Flexible Antlr Generation
17 April 2007
I've been exploring various alternative languages and grammars for external DSLs. One of my main tools for this is Antlr. With this kind of exploration I have a project with multiple similar grammar files where I want to run essentially the same thing with different grammars. Although I only have a few grammar files at the moment, I could well end up with a couple of dozen.
Using these in my build is currently rather awkward. Up to now, I've had explicit calls to Antlr to build each grammar file. The file gets done whether or not it's changed recently, which slows the whole build down. What I'd like is a way to automatically figure out where the grammar files are to build, and build them if necessary.
I keep the grammar files in directories like src/parser1/Catalog.g,
src/parser2/Catalog.g
and I want to generate them to gen/parser1,
gen/parser2
. That way I can keep the generated
gen
directory out of source control (as it should
be). Some directories have a regular grammar file (always called
Catalog.g) only, others also have a tree walker grammar (called
CatalogWalker.g) if I do tree building and walking.

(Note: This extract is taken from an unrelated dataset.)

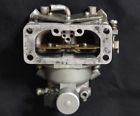15004-1010 15003-7115 Kawasaki Carburetor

It may be possible to get ant to do this, but my ant is rusty and frankly I'm happy to keep it that way. My usual build process these days is to use Rake, but it has an issue here - calling Antlr multiple times would lead to multiple JVM invocations which can be slow due to the start-up time of the JVM. After toying with some alternatives I thought that it would be worth giving JRuby a spin.
Ruby makes it easy to find and select out the directories that match my naming conventions
Dir['src/parser*']. select{|f| f =~ %r[src/parser\d+]}. collect{|f| Antlr.new(f)}. each {|g| g.run}
The regular expressions used for File globs (as in
src/parser*
isn't quite enough for my naming
convention, so I have to filter the results with a more precise
regexp. Once I have my real directories I create a command object to
process them.
As I was working on this, I decided that I wanted to be able to run the script both with regular ruby (calling Antlr via the command line) and JRuby (calling the Antlr command facade directly). That way I could run the script on machines that didn't have JRuby installed. Doing so is pretty easy, I just have to keep the JRuby bits isolated.
The Antlr
class does all the figuring out of what
needs to be done and delegates to an internal engine to actually
call Antlr in the two different styles. I initialize the object with
the directory to process, and it figures out the right target
directory and whether it needs to generate a walker.
class Antlr... def initialize dir @dir = dir @grammarFile = File.join @dir, 'Catalog.g' raise “No Grammar file in #{dir}” unless File.exists? @grammarFile walker_name = File.join @dir, 'CatalogWalker.g' @walker = File.exists?(walker_name) ? walker_name : nil @dest = @dir.sub %r[src/], 'gen/' end
When I run the object it checks to see if it needs to run before invoking the engine.
class Antlr... def run return if current? puts "%s => %s " % [@grammarFile, @dest] mkdir_p @dest run_tool self end def current? return false unless File.exists? @dest output = File.join(@dest,'CatalogParser.java') sources = [@grammarFile] sources << @walker if @walker return uptodate?(output, sources) end
The run_tool
method takes the data out of fields and
puts it onto command line arguments for Antlr (I'll call the facade
with a string array of arguments too.)
class Antlr... def run_tool args = [] args << '-o' << @dest args << "-lib" << @dest if @walker args << @grammarFile args << @walker if @walker @@engine.run_tool args end
For the engine I have two implementations. The simplest just makes a command line call.
class AntlrCommandLine def run_tool args classpath = Dir['lib/*.jar'].join(File::PATH_SEPARATOR) system “java -cp #{classpath} org.antlr.Tool #{args.join ' '}” end end
The JRuby version is a bit more involved as it has to import the Antlr facade file and sort out classpaths.
class AntlrJruby def initialize require 'java' Dir['lib/*.jar'].each{|j| require j} include_class 'org.antlr.Tool' end def run_tool args Tool.new(args.to_java(:string)).process end end
With all the time I've spent tearing my hair out with classpaths
I just love the fact that I can just require a jar at runtime
here. Especially since the code Dir['lib/*.jar'].each{|j|
require j}
loads all the jars in a directory - which is
something that java makes horribly hard.
The last trick is ensuring that the right engine is used for the job. I do this with some inline code inside the Antlr command class.
class Antlr... tool_class = (RUBY_PLATFORM =~ /java/) ? AntlrJruby : AntlrCommandLine @@engine = tool_class.new
Pretty simple and sweet that it runs in regular ruby or JRuby.
But there's a punch line and joke's on me. I set all this up to use JRuby because I was afraid that the start up time of the JVMs would make running it from C ruby too slow. But the the C ruby actually does a clean build faster than the JRuby version. Maybe this will change once I get more grammar files to build, but for the moment it looks like I've fallen victim to premature optimization. (And it's not worthwhile for me to figure out why, both builds are fast enough for now.)